All that is wanted is the exact lines from the one with "FIMILU Sunglasses for" through the last line of the entries, with both ends kept and every picture left out.

Collection entries:
# # # #

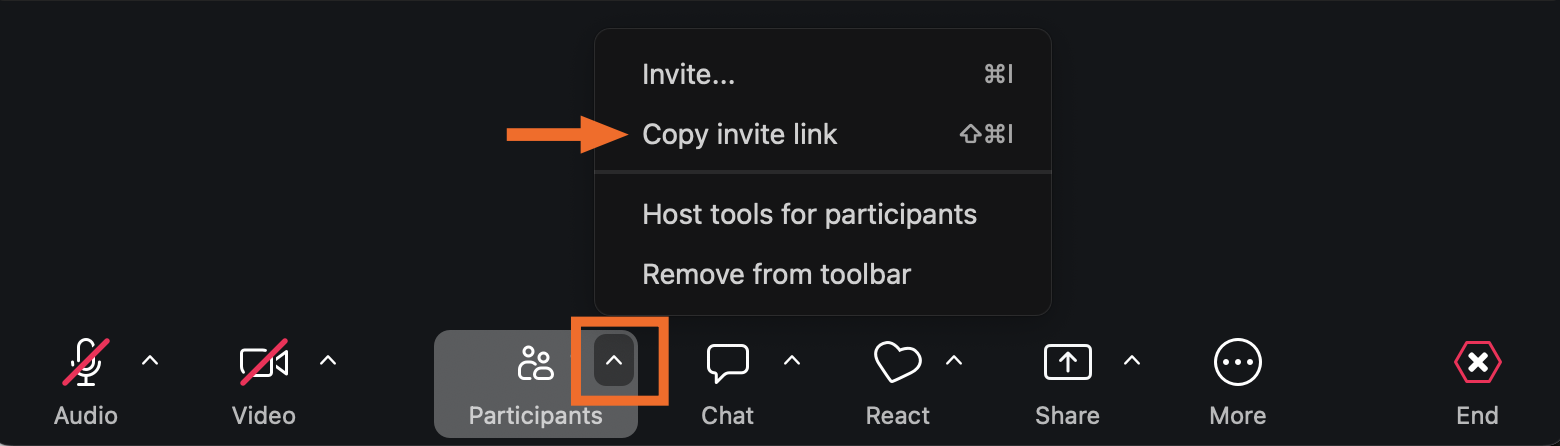 Zoom meeting control bar with the option to copy invite link highlighted.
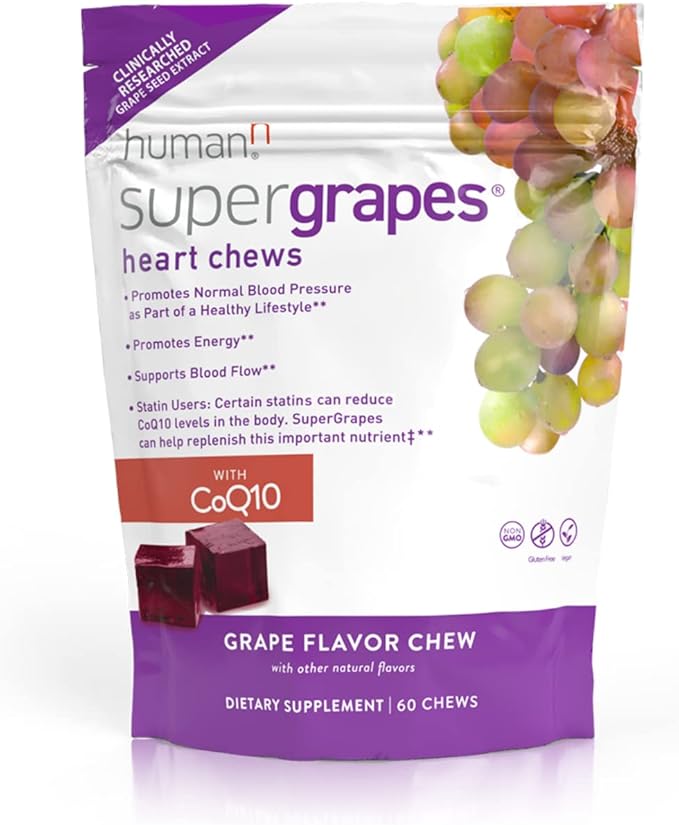Humann SuperGrapes Chews Supplement – 100mg CoQ10 and Grape Seed Extract – from The Makers of SuperBeets - Grape Flavor, 60 Count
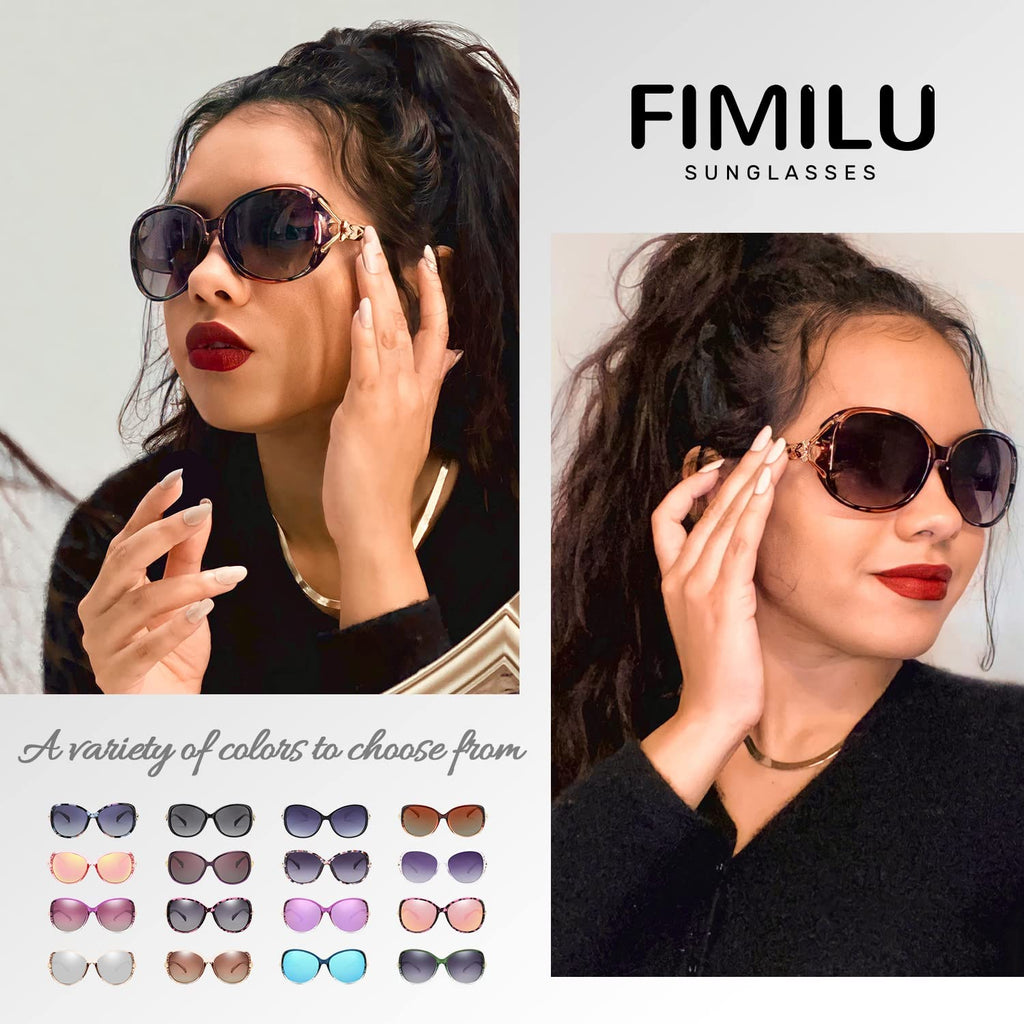 FIMILU Sunglasses for Women Trendy Polarized Sunglasses Oversized Big Sun Glasses Ladies Shades UV Protection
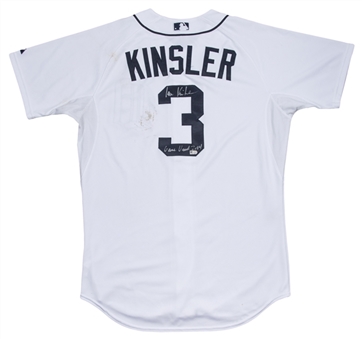 2014 Ian Kinsler Game Used, Signed & Inscribed Detroit Tigers Home Jersey Used For 4 Games (MLB Authenticated) 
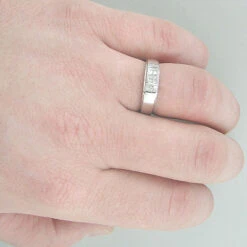 14K White Gold Unique Diamond Wedding Bands For Men Princess Cut Diamonds -Jewelry Sales Store 14k diamond wedding bands collection item 043ct p 6676bod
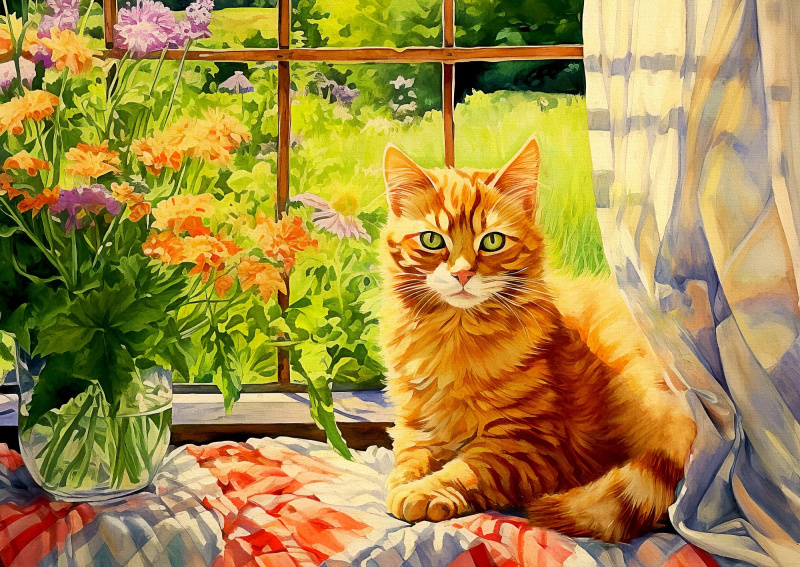 Enjoy puzzle kočička z venkovské kuchyně 1000 dílků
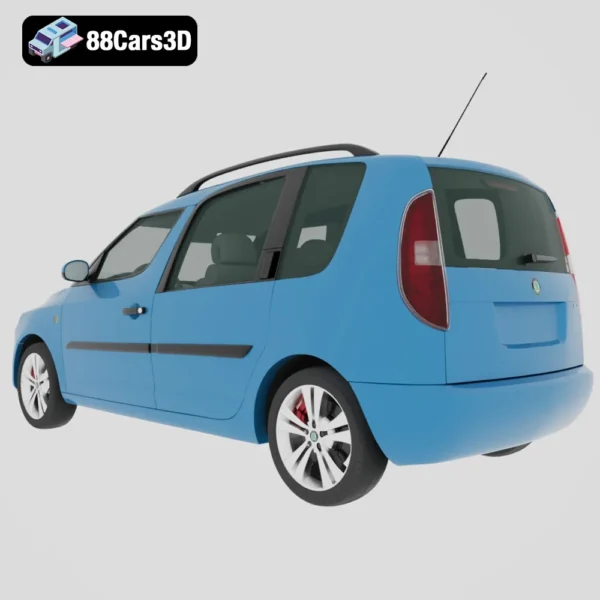 Škoda Roomster 2011 3D Model Compact Multi-Purpose Vehicle for Rendering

# # # #

■ Exercise answer
 FIMILU Sunglasses for Women Trendy Polarized Sunglasses Oversized Big Sun Glasses Ladies Shades UV Protection
 2014 Ian Kinsler Game Used, Signed & Inscribed Detroit Tigers Home Jersey Used For 4 Games (MLB Authenticated) 
 14K White Gold Unique Diamond Wedding Bands For Men Princess Cut Diamonds -Jewelry Sales Store 14k diamond wedding bands collection item 043ct p 6676bod
 Enjoy puzzle kočička z venkovské kuchyně 1000 dílků
 Škoda Roomster 2011 3D Model Compact Multi-Purpose Vehicle for Rendering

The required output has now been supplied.